3日より始まるアジア最大規模のIT(情報技術)展示会、「2008台北国際電脳展覧会(コンピュテックス台北)」で、華碩電脳(ASUS)が約8時間の連続使用が可能なバッテリーを搭載した新型Eee PC「901」シリーズを発表する。同社がブームに火を付けた低価格ノート型パソコン(ノートPC)市場で、競争力のある製品の投入によってリードを維持する考えで、今年は世界シェア5割、来年も35~40%を狙う。2日付工商時報などが報じた。
低価格ノート市場は、先行したEee PCの人気によって、ヒューレット・パッカード(HP)、宏碁(エイサー)、デルの3大ブランドが進出を表明し、台湾勢も技嘉科技(ギガバイト・テクノロジー)や微星科技(マイクロスター・インターナショナル)が相次いで進出を決めている。
8時間連続駆動が可能
競争激化の観測が持ち上がる中、華碩は今回、Eee PC「901」シリーズに、独自開発の超省電力技術「SHC(Super Hybrid Engine)」を用い、インテルの低消費電力プロセッサー、「Atom」を他社に先駆けて搭載することで差別化を図る。

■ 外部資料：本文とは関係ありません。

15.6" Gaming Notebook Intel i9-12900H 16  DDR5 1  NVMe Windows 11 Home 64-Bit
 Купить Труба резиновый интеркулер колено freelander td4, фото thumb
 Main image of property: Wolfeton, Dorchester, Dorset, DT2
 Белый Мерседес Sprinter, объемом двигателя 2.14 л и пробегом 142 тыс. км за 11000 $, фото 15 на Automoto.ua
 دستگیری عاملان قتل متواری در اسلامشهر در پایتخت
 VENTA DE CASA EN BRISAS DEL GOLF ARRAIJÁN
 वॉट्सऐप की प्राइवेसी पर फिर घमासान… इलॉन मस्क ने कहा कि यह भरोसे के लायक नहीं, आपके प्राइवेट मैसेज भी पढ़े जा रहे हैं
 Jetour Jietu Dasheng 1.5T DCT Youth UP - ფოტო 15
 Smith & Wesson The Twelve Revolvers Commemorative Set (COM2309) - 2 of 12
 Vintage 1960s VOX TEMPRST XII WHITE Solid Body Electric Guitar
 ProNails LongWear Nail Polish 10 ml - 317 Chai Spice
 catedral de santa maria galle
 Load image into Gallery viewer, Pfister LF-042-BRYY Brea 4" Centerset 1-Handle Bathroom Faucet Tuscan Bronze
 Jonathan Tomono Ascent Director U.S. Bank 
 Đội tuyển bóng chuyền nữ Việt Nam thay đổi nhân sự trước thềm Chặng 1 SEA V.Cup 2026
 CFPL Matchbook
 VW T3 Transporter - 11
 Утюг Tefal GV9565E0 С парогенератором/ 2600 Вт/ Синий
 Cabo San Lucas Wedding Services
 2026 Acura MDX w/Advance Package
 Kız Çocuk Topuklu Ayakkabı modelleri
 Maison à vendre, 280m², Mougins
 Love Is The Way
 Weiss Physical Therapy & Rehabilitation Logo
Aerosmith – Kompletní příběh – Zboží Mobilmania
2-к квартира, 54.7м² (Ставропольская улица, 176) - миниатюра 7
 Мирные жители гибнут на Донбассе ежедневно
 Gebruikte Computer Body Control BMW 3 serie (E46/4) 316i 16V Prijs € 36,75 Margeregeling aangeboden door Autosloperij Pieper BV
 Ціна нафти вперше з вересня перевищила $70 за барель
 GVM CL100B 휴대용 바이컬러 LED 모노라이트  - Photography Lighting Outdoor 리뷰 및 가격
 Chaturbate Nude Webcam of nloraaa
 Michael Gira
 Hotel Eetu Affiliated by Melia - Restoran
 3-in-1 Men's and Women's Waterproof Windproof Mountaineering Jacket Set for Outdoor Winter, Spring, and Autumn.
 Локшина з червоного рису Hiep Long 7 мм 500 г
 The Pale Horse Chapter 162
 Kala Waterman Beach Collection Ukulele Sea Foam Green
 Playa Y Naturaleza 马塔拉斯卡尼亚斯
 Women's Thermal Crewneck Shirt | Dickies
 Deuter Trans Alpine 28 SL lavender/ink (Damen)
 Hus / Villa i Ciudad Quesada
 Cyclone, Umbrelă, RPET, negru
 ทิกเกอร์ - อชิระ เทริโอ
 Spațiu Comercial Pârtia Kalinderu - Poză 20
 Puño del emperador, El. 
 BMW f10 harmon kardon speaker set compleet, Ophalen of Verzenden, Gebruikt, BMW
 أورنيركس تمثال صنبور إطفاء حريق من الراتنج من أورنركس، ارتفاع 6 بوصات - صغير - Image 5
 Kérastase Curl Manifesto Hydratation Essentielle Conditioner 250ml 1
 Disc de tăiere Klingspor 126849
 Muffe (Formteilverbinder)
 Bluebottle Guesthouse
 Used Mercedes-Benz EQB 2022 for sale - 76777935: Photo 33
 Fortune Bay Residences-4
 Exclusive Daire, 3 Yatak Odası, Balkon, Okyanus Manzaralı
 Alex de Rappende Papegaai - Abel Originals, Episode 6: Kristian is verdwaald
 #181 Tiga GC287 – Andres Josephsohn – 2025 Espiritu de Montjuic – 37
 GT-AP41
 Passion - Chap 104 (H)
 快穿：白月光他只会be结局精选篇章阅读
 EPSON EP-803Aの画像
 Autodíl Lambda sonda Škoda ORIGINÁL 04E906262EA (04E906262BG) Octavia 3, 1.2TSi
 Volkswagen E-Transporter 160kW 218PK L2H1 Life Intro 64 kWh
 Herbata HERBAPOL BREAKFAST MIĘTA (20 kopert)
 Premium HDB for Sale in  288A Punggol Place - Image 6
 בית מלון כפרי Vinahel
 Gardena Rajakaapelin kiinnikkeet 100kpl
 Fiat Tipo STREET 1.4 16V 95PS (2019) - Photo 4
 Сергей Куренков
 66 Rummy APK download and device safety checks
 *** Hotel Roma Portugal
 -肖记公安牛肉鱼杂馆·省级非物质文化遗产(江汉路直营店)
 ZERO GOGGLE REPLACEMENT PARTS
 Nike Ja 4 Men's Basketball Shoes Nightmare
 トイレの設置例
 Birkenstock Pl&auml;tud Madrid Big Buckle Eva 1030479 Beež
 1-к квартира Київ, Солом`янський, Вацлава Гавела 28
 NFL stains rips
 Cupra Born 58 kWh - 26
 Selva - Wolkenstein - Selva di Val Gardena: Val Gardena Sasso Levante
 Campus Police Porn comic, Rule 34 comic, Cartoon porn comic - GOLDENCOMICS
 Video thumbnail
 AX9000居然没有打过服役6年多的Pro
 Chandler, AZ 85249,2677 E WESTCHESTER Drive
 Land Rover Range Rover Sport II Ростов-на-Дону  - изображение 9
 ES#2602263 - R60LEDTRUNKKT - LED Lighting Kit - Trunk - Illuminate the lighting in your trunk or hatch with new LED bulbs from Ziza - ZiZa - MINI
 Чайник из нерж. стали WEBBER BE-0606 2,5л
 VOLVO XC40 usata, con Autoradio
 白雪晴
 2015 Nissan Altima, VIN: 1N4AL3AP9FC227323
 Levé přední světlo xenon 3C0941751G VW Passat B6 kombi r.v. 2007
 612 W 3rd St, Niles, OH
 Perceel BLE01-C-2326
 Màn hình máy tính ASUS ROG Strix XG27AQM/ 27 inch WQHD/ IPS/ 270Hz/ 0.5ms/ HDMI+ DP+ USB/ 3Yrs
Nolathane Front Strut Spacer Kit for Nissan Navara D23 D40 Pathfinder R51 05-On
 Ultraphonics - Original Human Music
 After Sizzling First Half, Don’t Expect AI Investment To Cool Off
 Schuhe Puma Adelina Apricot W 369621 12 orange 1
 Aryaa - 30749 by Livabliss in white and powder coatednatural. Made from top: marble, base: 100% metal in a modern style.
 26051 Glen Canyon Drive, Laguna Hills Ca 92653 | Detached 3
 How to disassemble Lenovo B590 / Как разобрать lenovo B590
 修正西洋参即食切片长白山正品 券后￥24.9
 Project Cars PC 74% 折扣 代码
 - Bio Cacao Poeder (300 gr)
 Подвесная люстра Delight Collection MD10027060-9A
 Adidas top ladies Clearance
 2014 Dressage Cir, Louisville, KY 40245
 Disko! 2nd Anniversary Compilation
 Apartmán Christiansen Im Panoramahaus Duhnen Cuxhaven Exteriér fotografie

SHCによってEee PC901シリーズは、1日の就業時間に相当する連続7.8時間のバッテリー駆動が可能だ。
また、「Atom」は低価格ノートの他メーカーも相次いで搭載を表明しているが、沈振来華碩総経理によると、「Atom」は現在深刻な供給不足となっており、HP、デルの「Atom」機種の販売計画はそれほど進んでいないとみられる。また、6月に新たに低価格ノート市場に参入を果たすのはエイサーと微星のみのため、沈総経理は、「今月のEee PC出荷量は過去最高を記録する」と強気の予想を立てている。
「Eeeファミリー」をサブブランド化
華碩はコンピュテックスで、低価格デスクトップ型パソコン「Eee BOX」も初めて公開する予定だ。施崇棠同社董事長は今後「Eee ファミリー」をサブブランドとして独立させたい考えで、今回発表するEee PC901シリーズにも、「ASUS」ブランドを掲げない方針だ。
今年は500万台を目標
Eee PCは昨年10月の発売以来、累計販売台数は200万台に上るとみられる。今後、大手ブランドの挑戦を受けるため、華碩は「過度な楽観視はできない」としつつも、「ハイシーズンに入る下半期は、戦略が当たれば1四半期期当たり200万台の販売が可能」との見方も示した。
沈総経理は年間の販売台数は500万台とみている。さらに今年「Eee ファミリー」の売上高は華碩の全売上高の2割に達し、粗利益率は10~15%となると予想している。